The Importance of Earnings for Long-Term Portfolios

As the corporate earnings season ramps up, markets are shifting their focus from geopolitical concerns to tangible evidence of how businesses are performing. With the stock market hovering near all-time highs, questions around valuations and the sustainability of recent profitability trends have become increasingly important.

While it’s still early in the reporting season, current Wall Street forecasts suggest companies finished 2025 with healthy growth, leading the S&P 500 earnings-per-share to reach a new record level. In many ways, earnings announcements are like report cards that provide information about how companies are performing and whether their strategies are working. Professional investors scrutinize these reports because they include important figures used to value companies, which in turn affect their stock and bond prices.

For long-term investors, strong earnings growth has been the main driver of stock market returns, resulting in long-term wealth creation for investors. However, the details of any single company’s results matter far less than how earnings trends impact overall portfolios. What truly matters is understanding what corporate profitability says about economic growth, consumer spending, business investment, and the sustainability of the current market environment. What should investors focus on as new earnings are announced?

 

Strong earnings growth supports portfolios

Corporate earnings are what connect the stock market to the economy, and ultimately to portfolios. When economists analyze GDP growth, the job market, or consumer spending, these factors affect investors through their impact on corporate profits. This is because a healthy economy usually leads to improved sales and earnings for companies, just as we have experienced over the past few years. Since owning stock entitles investors to a share of a company’s profits, share prices tend to appreciate when earnings grow.

This is not only true for the stocks of individual companies, but for the stock market as a whole. The accompanying chart shows that the stock market tends to follow the path of earnings over long periods of time. The fact that the U.S. economy is vibrant and has grown steadily is perhaps the most important reason for the long-term rise of the stock market.

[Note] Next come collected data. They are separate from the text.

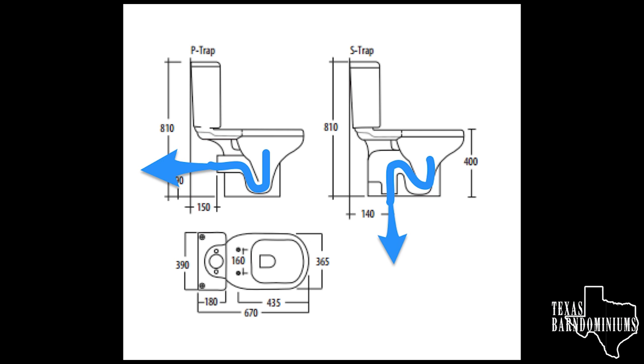Once it drains, it actually creates a vacuum and sucks the rest of it through. So it has to make a pretty sharp turn. You can actually clog up. Most of the time when you clog up a toilet, it's in the P-trap, because it's trying to make a U-turn.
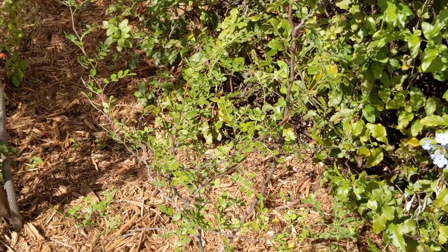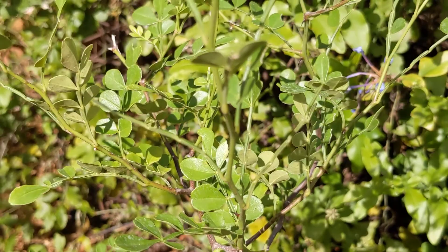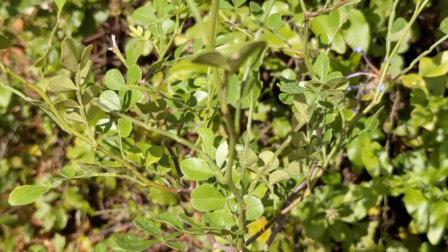I picked up a wild lime today, which is a host plant for giant swallowtails. This is a native to Florida. It's in the citrus family, but it does not produce edible citrus fruits. And I don't see any eggs or larva on it right now, which is fine with me because I'd like it to get established before it starts getting eaten.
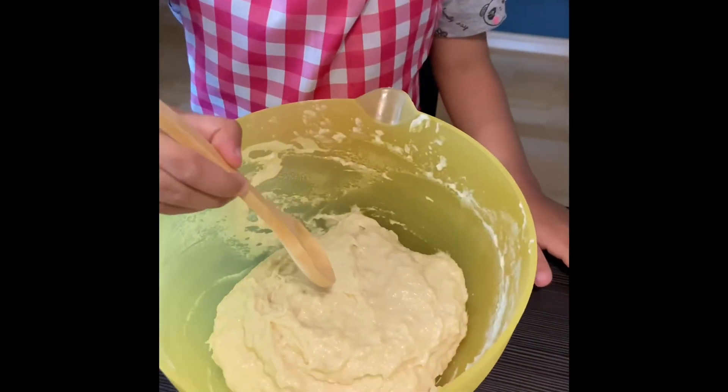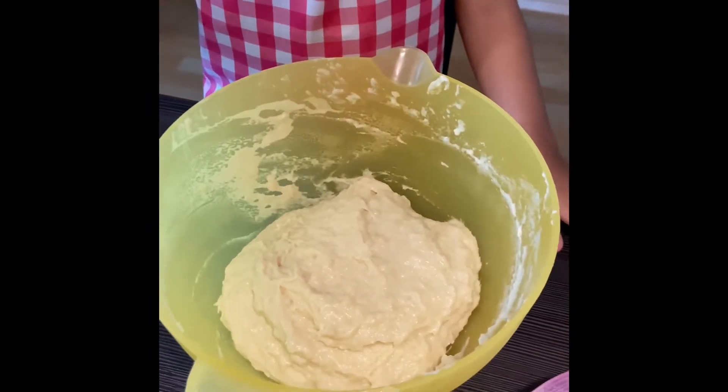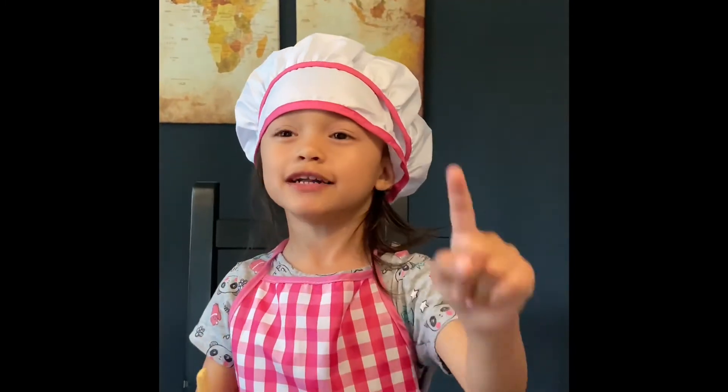And now, after mixing it, we have to cover it for one hour. We need to wait one hour.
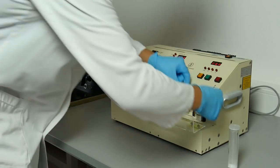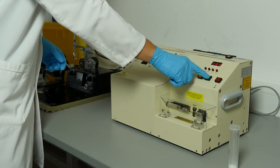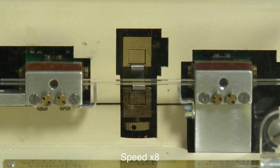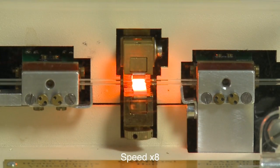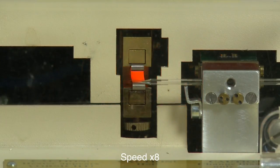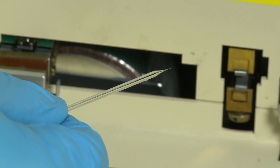We take a borosilicate glass capillary and place it into a pipette puller. The electric filament covers the middle of the pipette and delivers heat to melt the glass. The pipette is fixed at both ends and force is applied to pull the electrode. With enough heat, the middle of the pipette begins to melt and the pulling force causes lengthening and thinning of the glass capillary. After several rounds of heating and pulling, we obtain pipettes with a tip size of approximately 1 micrometer.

In the first week, about 13% of S&P 500 companies reported their results for the fourth quarter of 2025, and 75% beat earnings expectations, according to FactSet data.1 The consensus is that earnings-per-share could grow by 8.2% across S&P 500 companies, which would represent the 10th consecutive quarter of earnings growth. When looking at 2025 as a whole, LSEG figures suggest that earnings grew by 13% and could grow by around 15% in 2026 and 2027. These are well above the historical average growth rate of 7.7%.

If these trends continue, they would represent healthy growth rates that support portfolios.

 

Valuations can improve when earnings grow

The earnings season also matters because it sheds light on stock market valuations. If earnings are the long-term driver of stock market returns, then valuations can help explain whether share prices are under- or over-valued in the short run. In other words, valuations are the gap between share prices and underlying fundamental measures such as earnings. For instance, the price-to-earnings ratio tells us how much investors are willing to pay for each dollar of corporate earnings.

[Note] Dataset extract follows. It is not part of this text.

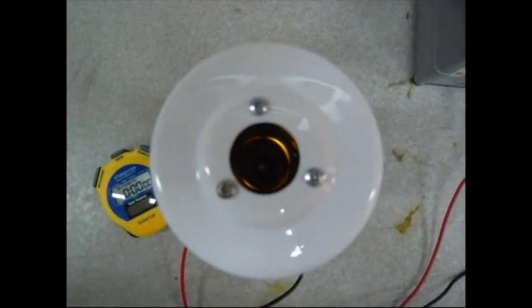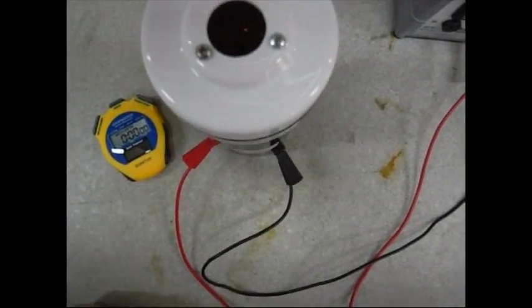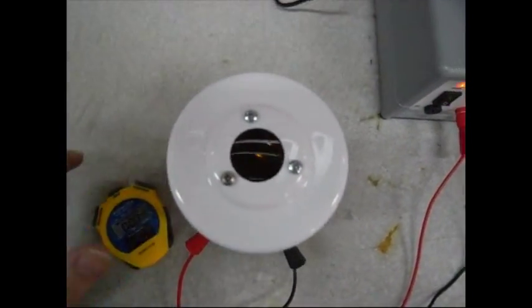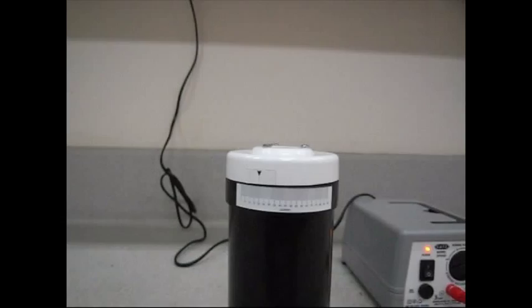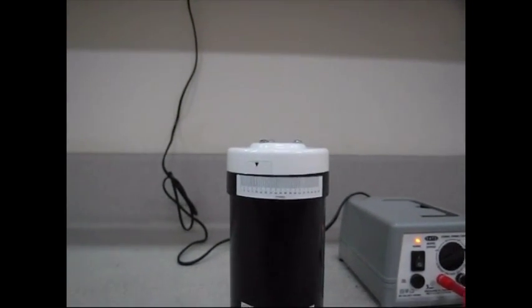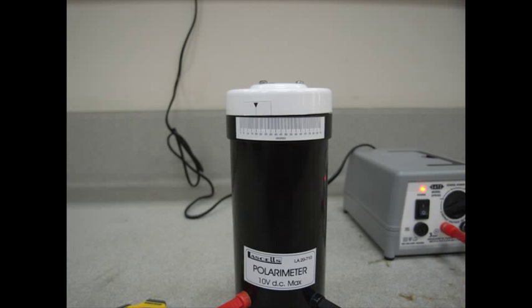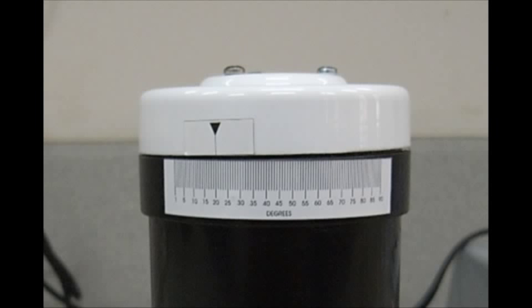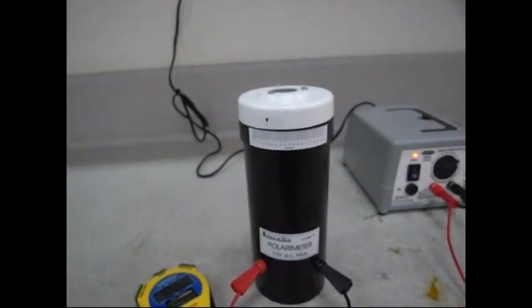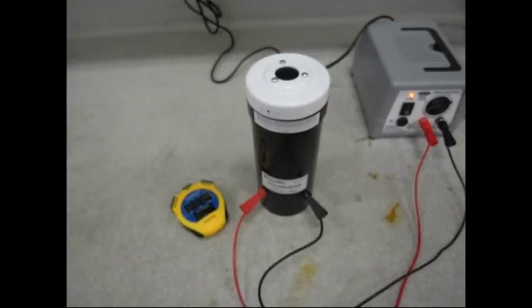That's the correct reading and we can start the stop clock there. That reading is about 20 degrees on the polarimeter — 20 degrees to the right.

Today, the price-to-earnings ratio for the S&P 500 stands at 22.2x, well above the historical average of 15.9x and not far from the dot-com bubble peak of 24.5x. While this is high, it is backed by healthy earnings growth, unlike during periods such as the dot-com boom when investors ignored profitability.

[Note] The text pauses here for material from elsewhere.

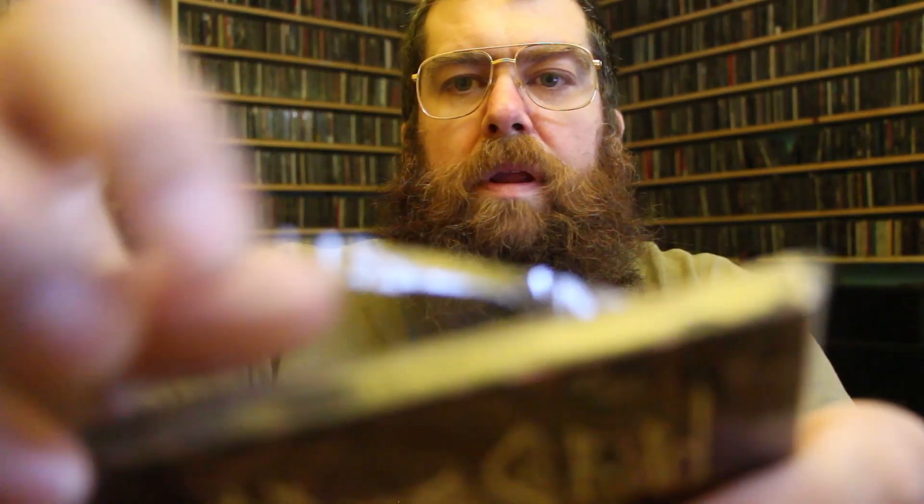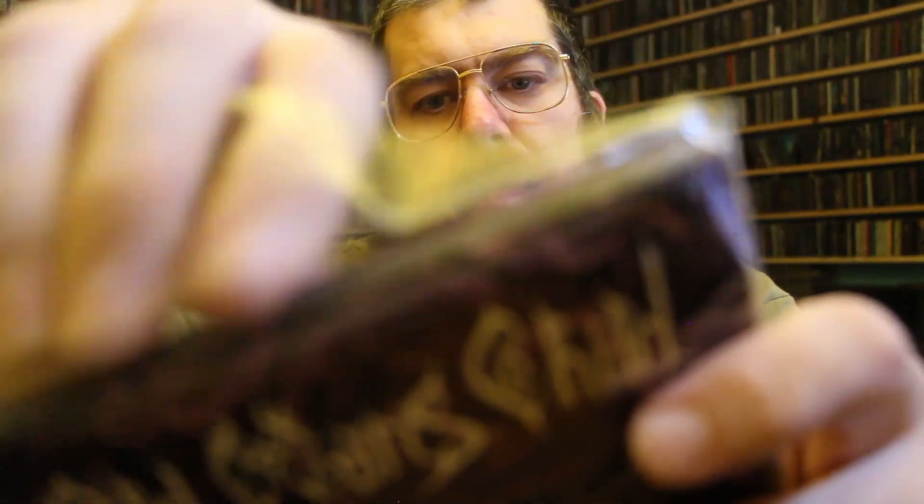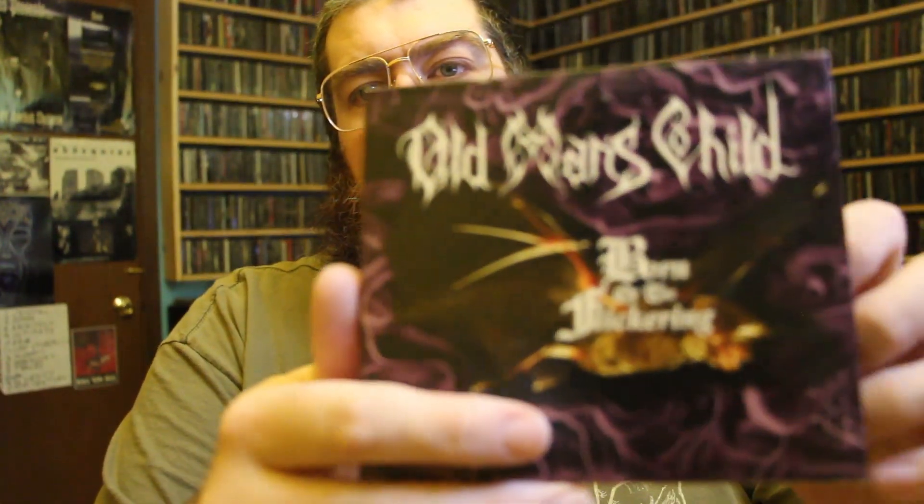Next one I got here is Old Man's Child. More castle stuff. Man, I've really been digging castles lately. Comes in a sweet digipack — it's all purple and stuff. I don't know how to describe it, but if you like Norwegian black metal, you can't go wrong with this.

Understanding this connection helps put short-term market movements into perspective. When markets experience volatility, it’s often the case that earnings expectations don’t change. Instead, only prices, and thus valuations, are affected. This is why markets can often rebound quickly from short-term pullbacks if the underlying trends are unaffected. This is also why staying invested, or even investing more, during pullbacks can be helpful since this is when valuations are their most attractive.

Another way to understand earnings and valuations is to calculate how much they each contributed to stock market returns in 2025. The price of the S&P 500 index rose 16.4% last year, so if earnings-per-share did grow 13% over the full year, then it was by far the largest driver of growth. Specifically, earnings contributed to 80% of the price return whereas the increase in valuations contributed about 20%.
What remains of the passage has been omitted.